* PROBLEM TO WORK ON
Write the data out again exactly, with every picture removed.

* SUPPLIED MATERIAL
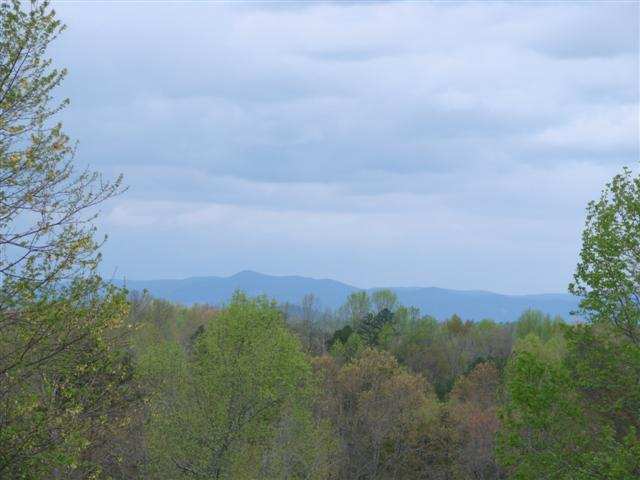129 Rochester Road Easley, SC 29640 - Photo 3 of 11 Gallery Image 3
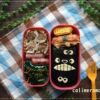 【娘と息子のオベントウ】　トトロのお弁当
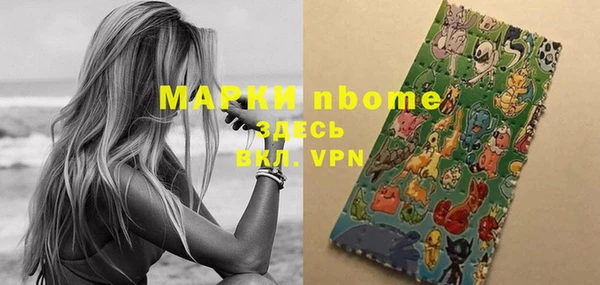 стаф Баксан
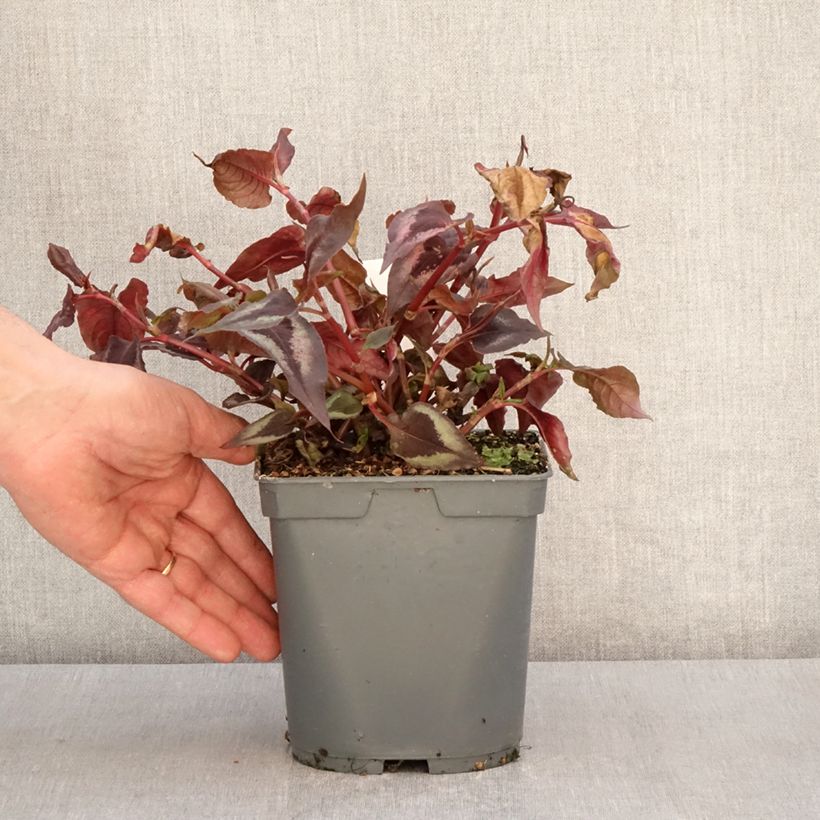 Example of Renouée - Persicaria micro. Red Dragon Pot de 1,5L/2L as you get in printemps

* EXERCISE RESULT
129 Rochester Road Easley, SC 29640 - Photo 3 of 11 Gallery Image 3
 【娘と息子のオベントウ】　トトロのお弁当
 стаф Баксан
 Example of Renouée - Persicaria micro. Red Dragon Pot de 1,5L/2L as you get in printemps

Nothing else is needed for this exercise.